§ **Exercise details**
Using the listing below, give again exactly the lines from the line with "Szabó Gábor Viktor" to the line with "650 Cumberland St, Cornwall, K6J", inclusive, without the pictures.

─── Source records

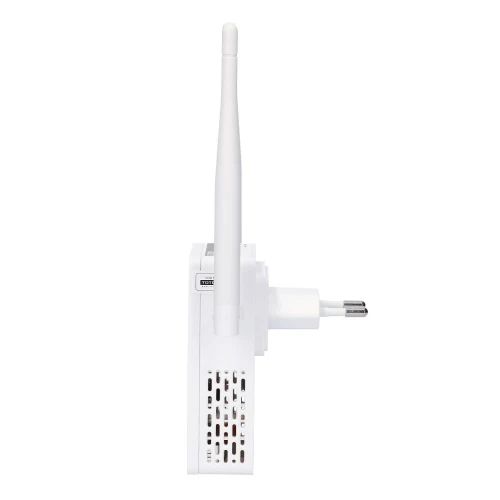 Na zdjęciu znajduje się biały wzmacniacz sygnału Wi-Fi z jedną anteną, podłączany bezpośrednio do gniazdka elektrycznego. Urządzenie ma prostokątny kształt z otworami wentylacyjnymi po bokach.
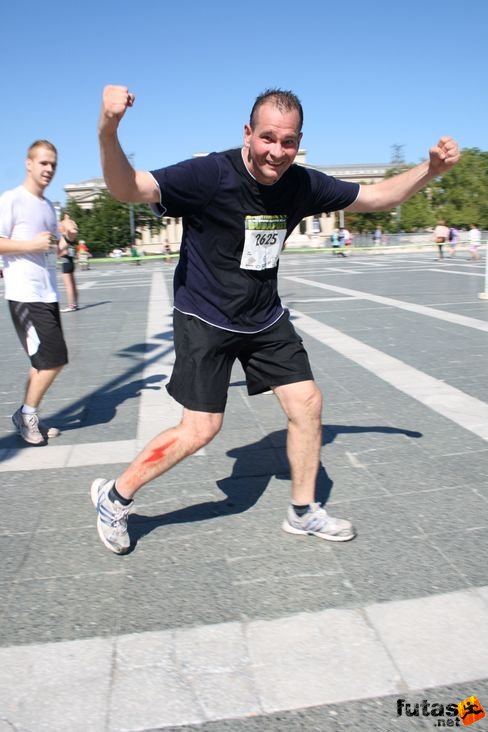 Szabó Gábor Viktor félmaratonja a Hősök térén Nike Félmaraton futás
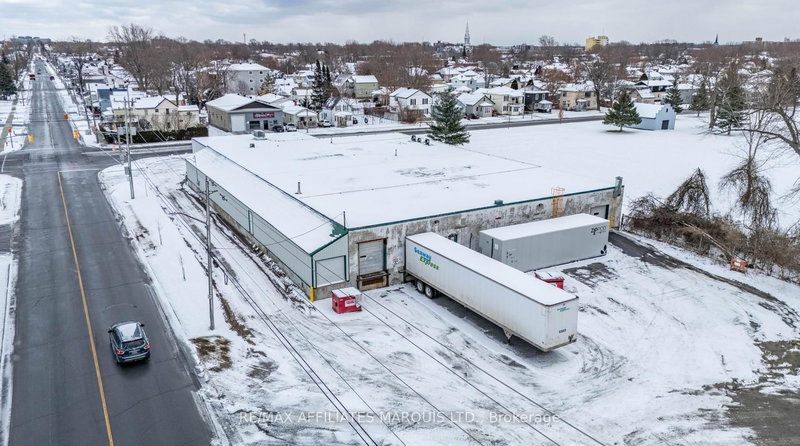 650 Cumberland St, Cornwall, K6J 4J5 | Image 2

──────
─── Source records

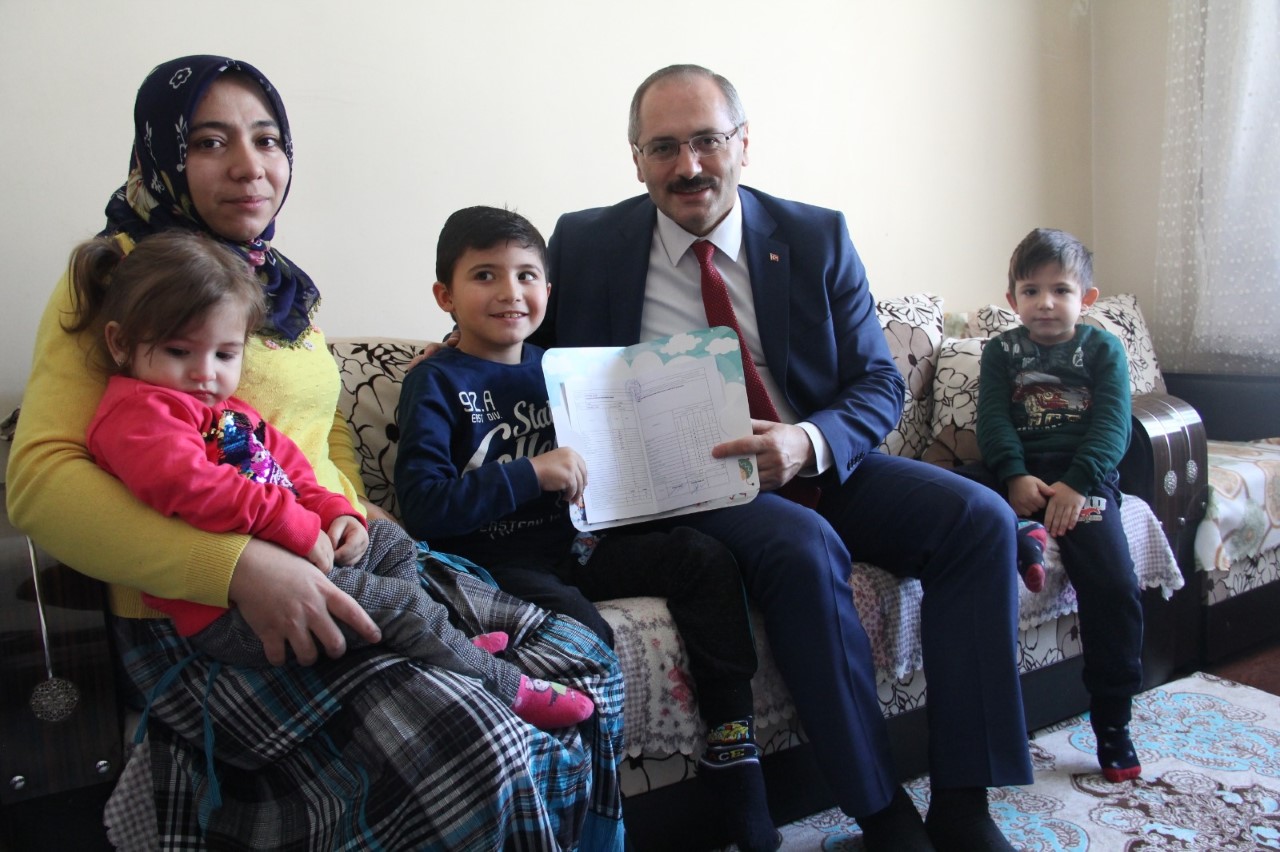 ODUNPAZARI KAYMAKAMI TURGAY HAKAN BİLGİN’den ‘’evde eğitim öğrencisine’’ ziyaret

──────

§ **Solution for this exercise**
 Szabó Gábor Viktor félmaratonja a Hősök térén Nike Félmaraton futás
 650 Cumberland St, Cornwall, K6J 4J5 | Image 2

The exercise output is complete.